Turkey faces a critical test today in its national elections, and the results could have wide implications for the entire region. The government has remained unsettled since the attempt to elect Abdullah Gul president and the threatened military coup that scotched Gul’s rise. Now the Turks will recast its parliament, and the West waits to see whether Islamists can grab enough power to change the relentlessly secular government (via Michelle Malkin):
Turks voted for a new Parliament on Sunday in a contest viewed as pivotal in determining the balance between Islam and secularism in this nation of more than 70 million.
Many people cut short vacations to head home to cast their ballots, and lines at some polling stations were long as people voted early to avoid the summer midday heat. In Istanbul, Turkey’s biggest city, traffic jammed some main roads and police officers stood guard outside the gates of schools serving as polling stations. …
The new Parliament will face a host of challenges, including a presidential election, violence by Kurdish rebels and a growing divide over the role of Islam in society.
The election was called early to defuse a political crisis over the Islamic-oriented ruling party’s choice of presidential candidate, and the three-month campaign was peaceful. Turkey has made big strides after the economic and political chaos of past decades, but some feared the vote could deepen divisions in the mostly Muslim nation.
The current government has provided a rather stable economic and political environment, although the latter began to erode after the attempt to put Gul in the presidency. Gul is a committed Islamist, who was seen as a threat to push religious dictates into law. His party also espouses Islamist values, but until Gul’s candidacy, had been careful to make those more or less guiding principles rather than legislative goals.

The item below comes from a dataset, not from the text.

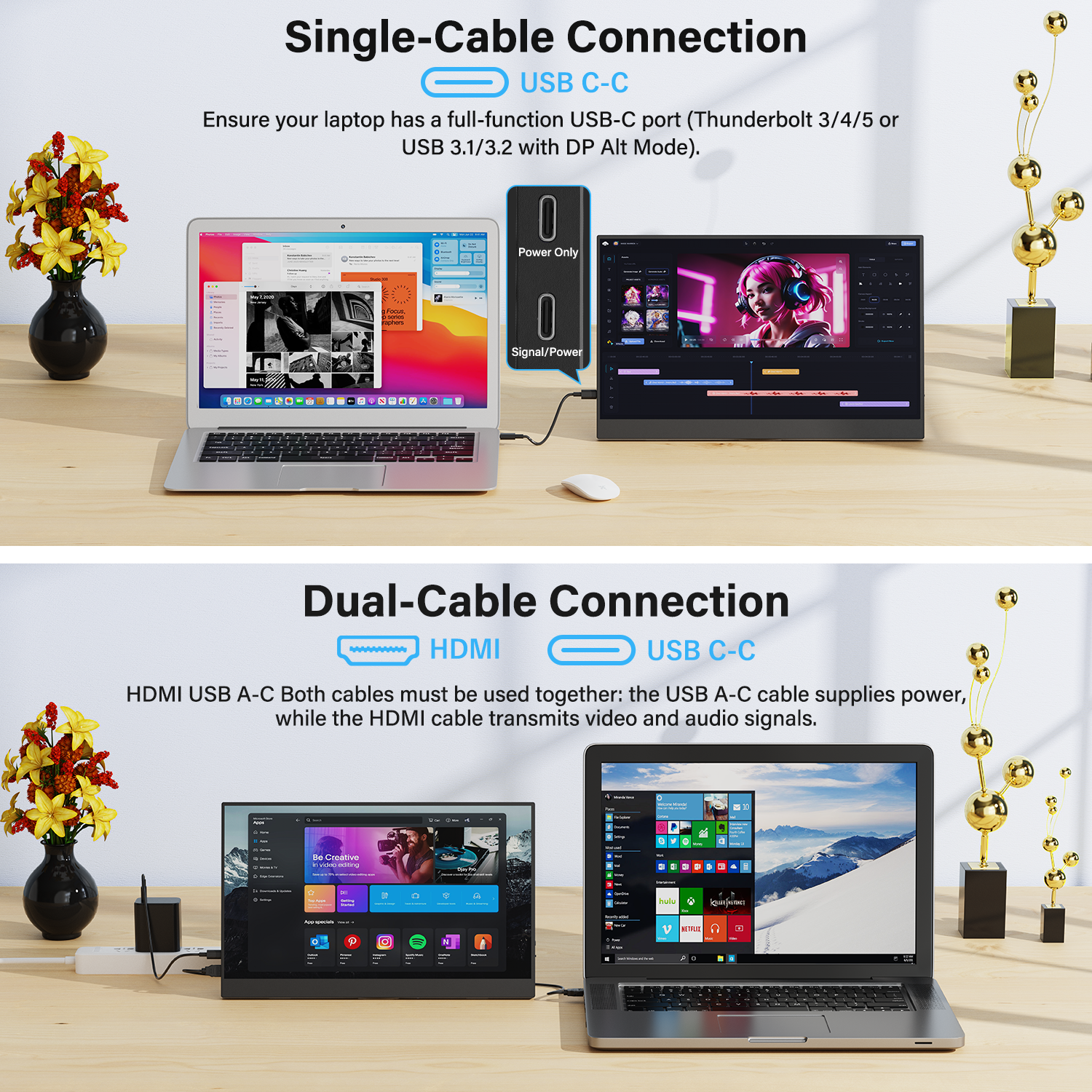 Amoudo 15.6 Inch Portable Moni - Crt Monitor Stand ulasan dan harga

Turkey has been a singular success in the region as a Muslim democracy. (In the South Pacific, Indonesia would be the other.) That success comes from the constant threat of a military coup; the army has taken control of the government on several occasions when it felt that the secular nature of modern Turkey was threatened. That threat keeps Islamists like Tayyip Erdogan from attempting to create an Iran-like state at the juncture of Europe and Asia.
Erdogan’s party will likely win the elections today. The question will be how large their share of Parliament will be, and therefore how emboldened they may feel to push for deeper changes. The nomination of Gul suggests that they may feel strong enough to push the military, and these elections could provide some substantiation for their confidence.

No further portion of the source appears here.